Kristen Clarke, president and executive director of the Lawyers' Committee for Civil Rights Under Law, said she's also concerned that "voter suppression is alive and well" with rollbacks of the Voting Rights Act.

Others who took part in the meeting with Biden and Harris included Melanie Campbell, president and CEO of the National Coalition on Black Civic Participation; Vanita Gupta, president and CEO of The Leadership Conference on Civil & Human Rights; and NAACP President Derrick Johnson.

Biden, who has been steadily revealing his list of nominees to top cabinet posts, hasn't yet reached a final decision on attorney general. The civil rights leaders said they did not discuss any specific candidates, and Biden gave them no indication of who his leading pick is, they said.

"This was not a meeting to broker for anybody, but to stand up for our constituents," Sharpton said.

Biden's transition team said in a statement after the meeting that it likely would be the first in recurring meetings with the groups.

"They discussed their joint priorities including advancing racial equity across the board, enforcing civil rights, and assembling a diverse White House and Cabinet that represents America," the Biden statement read. "They expressed the need to make sure the public knows the historic nature of many of the president-elect's diverse nominees and the need to galvanize the community around making sure that the Senate confirms them."

JOe Biden
U.S. President-elect Joe Biden speaks at the Queen Theater December 08, 2020 in Wilmington, Delaware. Chip Somodevilla/Getty

Some names that have been floated as potential attorney general nominees include Obama's former Homeland Security Secretary Jeh Johnson; outgoing U.S. Sen. Doug Jones of Alabama; former Massachusetts Gov. Deval Patrick; and Sally Yates, who was deputy attorney general in the Obama administration.

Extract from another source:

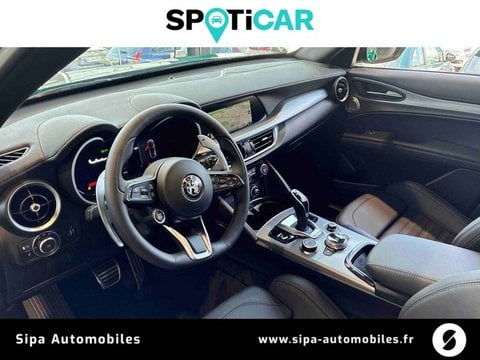 Voitures D'occasion À Dax | Alfa Romeo Stelvio 2.2 160 Ch At8 Veloce 5P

The group of civil rights leaders told Biden to resist the temptation to go with a "watered down" pick just to ensure the nominee could make it through a closely-split and combative U.S. Senate, Clarke said.

"The idea that Senate confirmability should serve as a measuring stick is deeply troubling and unacceptable," she said.

In a meeting with the same civil rights leaders in June, Biden promised his administration would be historically diverse. He's expected to formally introduce retired Army Gen. Lloyd Austin as his pick to become Defense Secretary during an event in Delaware on Wednesday. Austin would be the first Black secretary of defense if the Senate confirms his nomination.

Biden's also expected to name Ohio U.S. Rep. Marcia Fudge, a former chairwoman of the Congressional Black Caucus, to lead the U.S. Department of Housing and Urban Development.

"When we see the end of this process, it will be the most diverse cabinet, sub-cabinet and administration in history," Sharpton told reporters. "We will hold him by what he said."